Numerous Amateur Orchestras to Play the Instrument in Conjunction with the Guitar

Prominent Musicians and Composers Give Attention to Music for Mandolins.

The French, as we all know, are a very peculiar people. They are emotional in their ways, and more so in their music, but next to that they are full of initiatives, and always ready to take and judge from the best offered them. They will weigh the pro and con as they have done with the horizontal music (Italian) and the vertical music (German). They have borrowed some of the Spanish typical music, and some of the Russian plaintive melodies, and have formed through that agglomeration a French school of music, which, to the critic's mind, is the equal of any.

When the mandolin and guitar were introduced in France some forty or fifty years ago they started to find some method far superior to the Spanish. The people in the south of France, being closer to Spain and Italy, kept the playing styles of these countries, but the ones in the North, not being satisfied with the playing of their fellow countrymen, put their heads together and formed a new school. Their method of holding the mandolin was entirely different from the Spanish, the position of the instrument was brought as close as that of the violin as possible. I mean by that that the bottom of the instrument was held against the body, tilted to the left at an angle of about thirty degrees, and the left arm extended forward. The pick or plectrum was held between the first two lingers and the thumb, the first finger acting as an emergency to straighten the plectrum, and to give a surer grip in fortissimo passages, when the pick has to be held tightly. The tip of the wrist rested on the face of the mandolin and the position was very ungraceful, but nevertheless they played, and I may assure you that their playing was far above what we call good.

They formed clubs and orchestras all over the country, and most every factory had its mandolin orchestra. They rehearsed two or three evenings a week, says Merri C. Mollier in the Crescendo. They taught the mandolin and guitar in the night schools, but no banjo; they claimed that it was cannibal music, and from what I heard of it some twenty-five years ago, they were close to right. So it went on, until Hector Berlioz studied the mandolin and guitar, and saw the possibilities of using them as orchestral instruments, and included mandolins and guitars in most all his symphonic orchestrations, and my dear readers do not think that there was only a lonely little mandolin in the orchestra, lost among the bass—by no means, but to twenty first violins there were eighteen first mandolins; to sixteen second violins there were twelve second mandolins and about ten guitars, and I may assure you that the effects and coloring were magnificent. It would be a very good idea it we should investigate the matter and do this in this country. Gounod was also a lover of the mandolin and guitar (guitar players take notice, for you may be proud of your instrument). He wrote the biggest part of his great opera "Faust" on the guitar.

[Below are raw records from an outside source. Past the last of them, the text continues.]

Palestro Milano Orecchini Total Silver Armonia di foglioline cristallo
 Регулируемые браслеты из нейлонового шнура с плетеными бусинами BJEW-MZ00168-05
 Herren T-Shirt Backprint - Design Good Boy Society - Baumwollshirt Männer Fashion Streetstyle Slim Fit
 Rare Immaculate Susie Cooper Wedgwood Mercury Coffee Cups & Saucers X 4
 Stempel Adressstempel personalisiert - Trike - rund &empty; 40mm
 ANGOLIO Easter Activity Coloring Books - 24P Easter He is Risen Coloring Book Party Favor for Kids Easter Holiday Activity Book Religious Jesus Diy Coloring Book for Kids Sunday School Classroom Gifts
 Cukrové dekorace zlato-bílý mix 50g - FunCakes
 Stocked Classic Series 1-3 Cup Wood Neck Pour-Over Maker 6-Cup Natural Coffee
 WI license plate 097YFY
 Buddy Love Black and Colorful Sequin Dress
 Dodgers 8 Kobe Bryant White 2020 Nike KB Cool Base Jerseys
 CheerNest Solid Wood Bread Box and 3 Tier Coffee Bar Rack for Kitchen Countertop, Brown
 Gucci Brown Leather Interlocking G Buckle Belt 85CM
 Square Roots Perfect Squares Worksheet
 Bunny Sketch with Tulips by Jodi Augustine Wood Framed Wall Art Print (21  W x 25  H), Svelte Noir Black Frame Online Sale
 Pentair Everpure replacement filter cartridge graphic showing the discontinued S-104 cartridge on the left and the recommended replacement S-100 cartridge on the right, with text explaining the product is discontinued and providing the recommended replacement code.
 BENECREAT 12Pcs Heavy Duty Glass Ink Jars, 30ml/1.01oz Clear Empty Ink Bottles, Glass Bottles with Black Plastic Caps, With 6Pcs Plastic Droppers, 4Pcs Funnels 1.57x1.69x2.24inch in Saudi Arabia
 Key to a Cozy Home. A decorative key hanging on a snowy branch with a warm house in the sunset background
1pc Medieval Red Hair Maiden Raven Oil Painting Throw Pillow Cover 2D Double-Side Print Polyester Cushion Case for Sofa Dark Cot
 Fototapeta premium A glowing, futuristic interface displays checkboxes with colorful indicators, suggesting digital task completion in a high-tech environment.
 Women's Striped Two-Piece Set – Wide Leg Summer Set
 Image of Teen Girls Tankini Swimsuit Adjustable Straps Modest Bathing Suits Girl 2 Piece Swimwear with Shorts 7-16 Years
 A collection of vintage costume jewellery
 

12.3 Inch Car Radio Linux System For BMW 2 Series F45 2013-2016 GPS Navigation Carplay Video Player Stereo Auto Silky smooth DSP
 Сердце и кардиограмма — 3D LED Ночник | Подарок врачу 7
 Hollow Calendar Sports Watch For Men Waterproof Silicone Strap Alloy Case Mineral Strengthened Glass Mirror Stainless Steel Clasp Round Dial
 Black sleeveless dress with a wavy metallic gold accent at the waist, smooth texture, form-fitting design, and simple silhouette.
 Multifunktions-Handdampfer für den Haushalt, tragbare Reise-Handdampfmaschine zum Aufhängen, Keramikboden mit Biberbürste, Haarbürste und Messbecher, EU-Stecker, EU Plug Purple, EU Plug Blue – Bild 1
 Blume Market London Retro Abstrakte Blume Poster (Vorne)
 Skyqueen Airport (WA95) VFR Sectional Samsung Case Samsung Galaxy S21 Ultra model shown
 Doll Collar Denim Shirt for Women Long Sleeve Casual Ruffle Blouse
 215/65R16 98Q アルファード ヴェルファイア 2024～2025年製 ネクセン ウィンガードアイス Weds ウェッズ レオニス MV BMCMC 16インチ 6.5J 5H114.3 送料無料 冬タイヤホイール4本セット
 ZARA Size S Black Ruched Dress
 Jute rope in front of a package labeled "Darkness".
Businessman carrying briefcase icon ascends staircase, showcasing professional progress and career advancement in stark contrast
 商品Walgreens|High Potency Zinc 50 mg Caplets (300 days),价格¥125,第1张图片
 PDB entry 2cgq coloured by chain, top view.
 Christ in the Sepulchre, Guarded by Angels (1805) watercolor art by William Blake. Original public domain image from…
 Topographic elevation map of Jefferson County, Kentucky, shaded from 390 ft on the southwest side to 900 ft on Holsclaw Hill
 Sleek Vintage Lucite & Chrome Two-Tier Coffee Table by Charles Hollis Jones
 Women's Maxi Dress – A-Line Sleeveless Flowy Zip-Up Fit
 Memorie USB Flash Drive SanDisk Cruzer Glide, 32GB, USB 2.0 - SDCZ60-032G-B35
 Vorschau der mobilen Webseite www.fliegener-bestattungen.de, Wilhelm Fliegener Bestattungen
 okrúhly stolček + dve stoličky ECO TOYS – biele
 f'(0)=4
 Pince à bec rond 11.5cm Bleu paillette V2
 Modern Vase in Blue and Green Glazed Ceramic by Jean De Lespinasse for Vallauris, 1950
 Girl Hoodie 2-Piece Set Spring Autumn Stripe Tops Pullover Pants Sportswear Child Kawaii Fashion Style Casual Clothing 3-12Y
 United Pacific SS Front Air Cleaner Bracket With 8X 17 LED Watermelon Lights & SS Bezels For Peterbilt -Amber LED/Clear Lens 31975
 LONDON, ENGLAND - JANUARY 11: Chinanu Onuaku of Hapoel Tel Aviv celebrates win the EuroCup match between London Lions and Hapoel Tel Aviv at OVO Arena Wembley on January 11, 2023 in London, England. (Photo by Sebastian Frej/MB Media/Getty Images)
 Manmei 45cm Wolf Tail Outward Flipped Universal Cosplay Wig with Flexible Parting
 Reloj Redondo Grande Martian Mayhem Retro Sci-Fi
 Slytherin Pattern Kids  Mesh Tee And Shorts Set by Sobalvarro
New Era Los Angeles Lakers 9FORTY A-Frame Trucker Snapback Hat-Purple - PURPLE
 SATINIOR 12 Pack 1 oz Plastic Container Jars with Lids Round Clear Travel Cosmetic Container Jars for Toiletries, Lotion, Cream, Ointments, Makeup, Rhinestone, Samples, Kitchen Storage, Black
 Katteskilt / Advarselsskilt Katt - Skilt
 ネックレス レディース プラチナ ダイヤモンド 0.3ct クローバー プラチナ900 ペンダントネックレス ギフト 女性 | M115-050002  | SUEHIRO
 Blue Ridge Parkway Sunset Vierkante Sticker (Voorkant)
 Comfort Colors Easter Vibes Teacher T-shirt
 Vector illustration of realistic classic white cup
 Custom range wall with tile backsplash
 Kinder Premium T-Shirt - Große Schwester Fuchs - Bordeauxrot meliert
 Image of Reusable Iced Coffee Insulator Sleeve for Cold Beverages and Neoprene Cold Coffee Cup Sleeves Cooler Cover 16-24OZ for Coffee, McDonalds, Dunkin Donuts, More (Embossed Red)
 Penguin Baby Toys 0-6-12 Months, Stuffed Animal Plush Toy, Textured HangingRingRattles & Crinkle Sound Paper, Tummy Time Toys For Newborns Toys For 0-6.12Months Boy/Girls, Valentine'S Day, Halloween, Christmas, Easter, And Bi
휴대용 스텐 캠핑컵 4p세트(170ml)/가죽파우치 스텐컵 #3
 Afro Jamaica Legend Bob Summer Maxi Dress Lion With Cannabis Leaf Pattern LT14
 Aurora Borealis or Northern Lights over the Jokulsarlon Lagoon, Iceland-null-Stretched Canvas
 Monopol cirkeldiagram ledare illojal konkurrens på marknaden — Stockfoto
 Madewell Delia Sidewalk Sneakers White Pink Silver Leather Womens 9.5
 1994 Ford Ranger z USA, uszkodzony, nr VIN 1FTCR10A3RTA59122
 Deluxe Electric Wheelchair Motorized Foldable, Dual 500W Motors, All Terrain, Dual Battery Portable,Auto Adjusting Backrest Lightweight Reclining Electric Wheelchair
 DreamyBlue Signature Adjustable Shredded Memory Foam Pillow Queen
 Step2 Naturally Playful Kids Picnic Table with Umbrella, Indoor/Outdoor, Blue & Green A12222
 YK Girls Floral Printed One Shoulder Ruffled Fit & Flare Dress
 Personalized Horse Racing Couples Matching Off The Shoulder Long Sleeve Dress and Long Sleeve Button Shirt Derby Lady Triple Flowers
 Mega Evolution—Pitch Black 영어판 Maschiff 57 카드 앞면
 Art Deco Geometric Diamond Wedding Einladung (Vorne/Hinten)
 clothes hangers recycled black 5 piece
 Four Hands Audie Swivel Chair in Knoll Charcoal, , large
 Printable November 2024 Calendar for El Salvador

Most every town in France has an amateur mandolin orchestra, paid by the town, to give concerts two and three times a week (in and outdoors) and every year there are contests, and prizes are given to the most proficient ones, by the town.

In the city of Bordeaux there is an amateur mandolin and guitar orchestra of 150 players, paid by the city to give concerts in the open air all summer, and since the mandolin has been recognized as an orchestral instument, and taught at the National Conservatory of Music, which is a government institution, the progress of the instrument has been on the increase.

I am sorry to say that the French mandolins are not what they should be, and I am firmly convinced that it would be a very profitable investment for some of our foremost mandolin manufacturers to have agencies in all the large cities in France.